INFORMATION SUPPLIED:
────

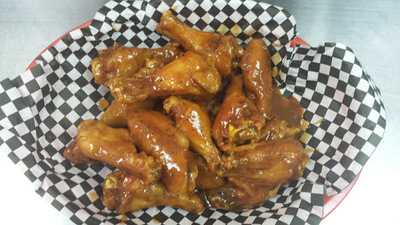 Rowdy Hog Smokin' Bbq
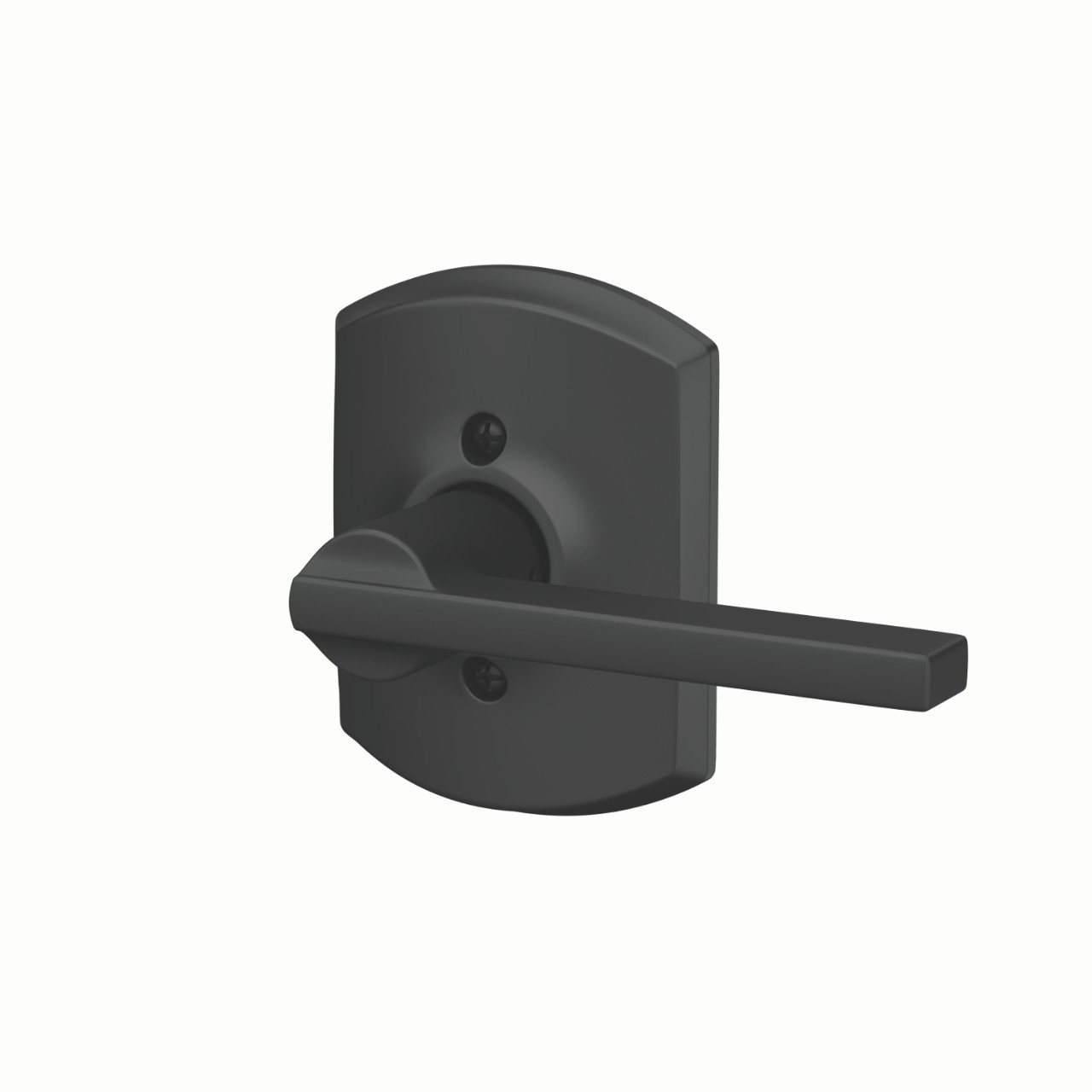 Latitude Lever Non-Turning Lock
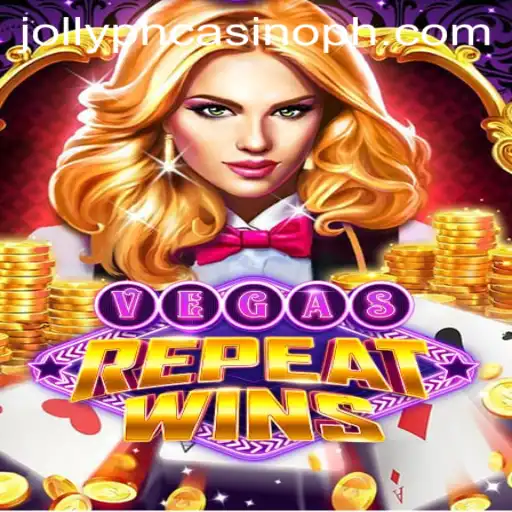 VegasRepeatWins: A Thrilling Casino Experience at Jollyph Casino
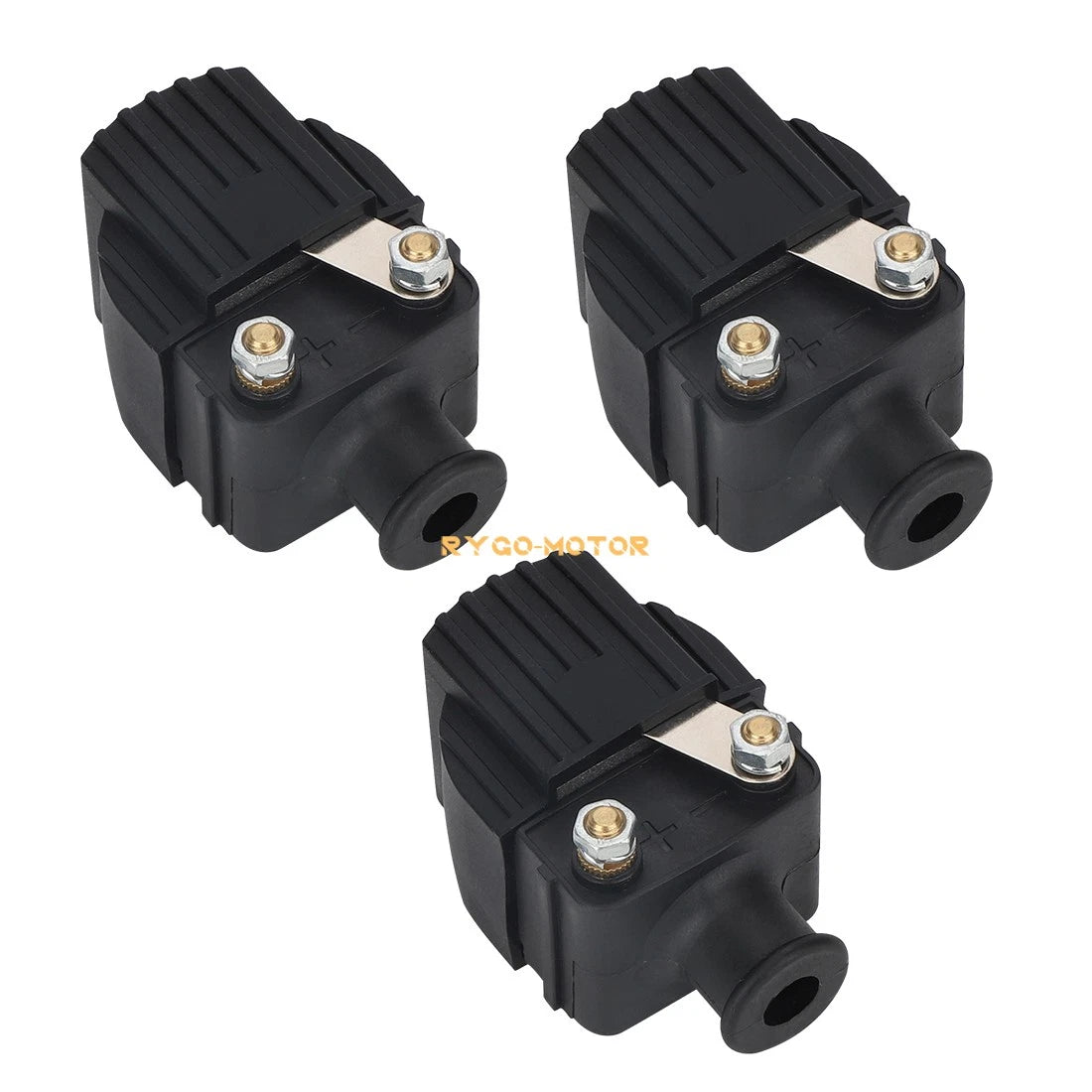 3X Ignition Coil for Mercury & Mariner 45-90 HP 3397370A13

────

TASK INSTRUCTIONS: The answer is the whole listing retyped exactly, with pictures omitted.

YOUR RESPONSE:
 Rowdy Hog Smokin' Bbq
 Latitude Lever Non-Turning Lock
 VegasRepeatWins: A Thrilling Casino Experience at Jollyph Casino
 3X Ignition Coil for Mercury & Mariner 45-90 HP 3397370A13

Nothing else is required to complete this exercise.